As duas ilhas se transformaram em uma, e na impossibilidade de encomendá-la a um timoneiro melhor, encomendei a viagem de volta a Santo Antônio. Quando embiquei a proa para o continente, surpresa, não havia continente, que desaparecera encoberto pelas ondas cada vez mais altas.
Sem bússola, sem estrelas -e mesmo que as tivesse não saberia entendê-las como aquele poeta que ouvia estrelas- joguei toda minha esperança no motor que roncava como um bicho agonizante, ameaçando parar a cada tranco mais forte das ondas.
Não foi no mar, onde nunca aprendi nada, somente a nadar, que me ensinaram uma lei básica: não se deve dar murro em ponta de faca.

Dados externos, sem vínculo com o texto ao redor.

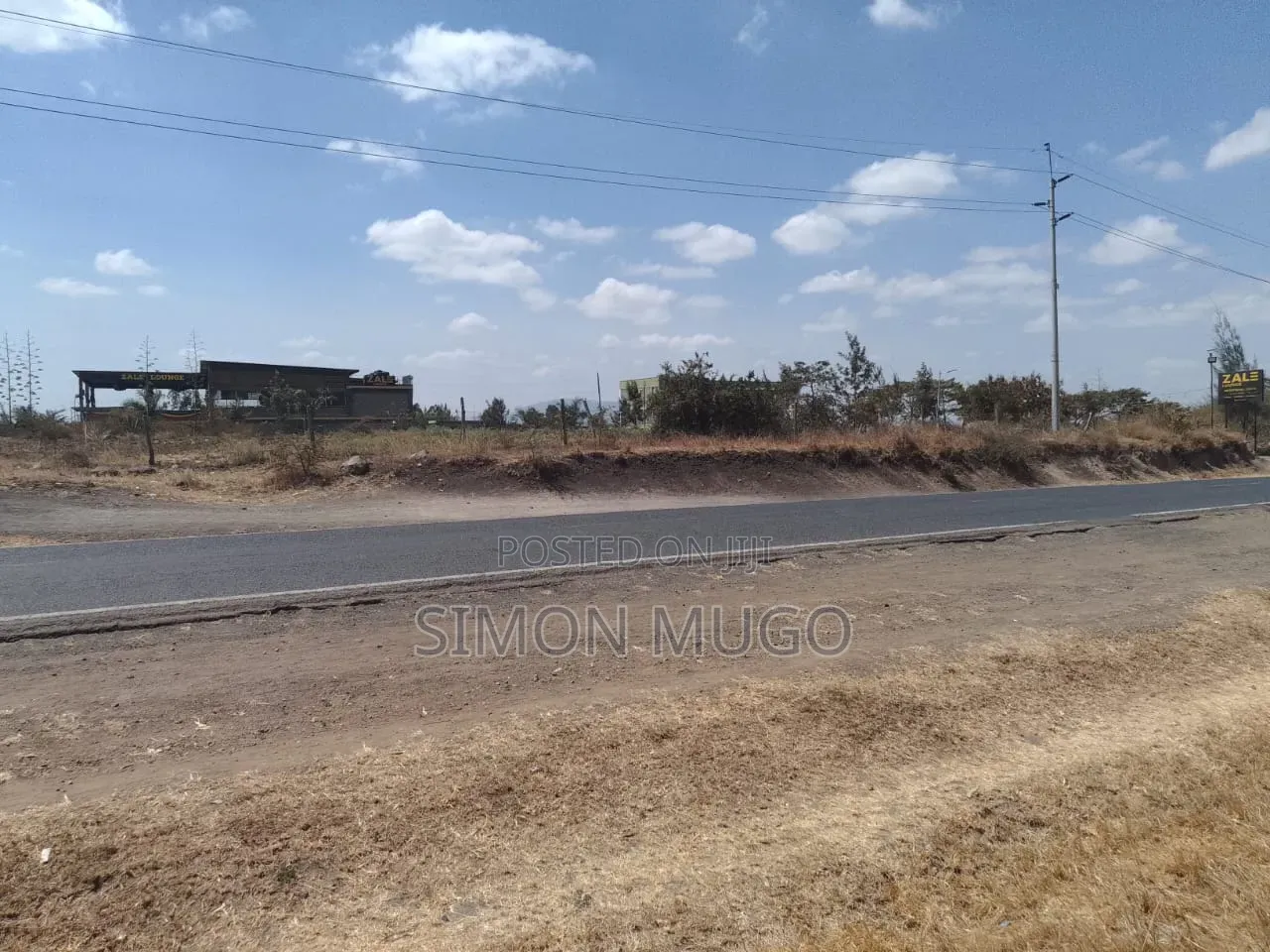 Kangundo Rd Prime Commercial 1.5acres Fronting the Main Kangundo Road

Adaptando aquela lei às circunstâncias, desconfiei que não adiantava esmurrar as ondas, enfrentando-as com a encarquilhada Virnorel e o esclerosado motor da Chrysler Marine.
Fui bordejando as ondas, que os poetas costumam chamar de vagas, e como não sabia onde era o continente, qualquer outro lugar me servia, desde que não fosse a barra, que me levaria da baía de Guanabara para o oceano Atlântico, o Mar Tenebroso dos navegadores do século 16. E aí eu não estaria aqui escrevendo essas bobagens.
Fui sair a cinco quilômetros do lugar de onde partira. Como os peregrinos que visitam os santuários, todos os passageiros se ajoelharam em terra para agradecer a salvação. Eu cheguei a pensar em mandar construir no local uma capela, mas não tinha nem recursos nem obstinação para isso.
Agradeci a Santo Antônio e até hoje embirro com mulheres que se chamam Virgínia, Norma e Elisa.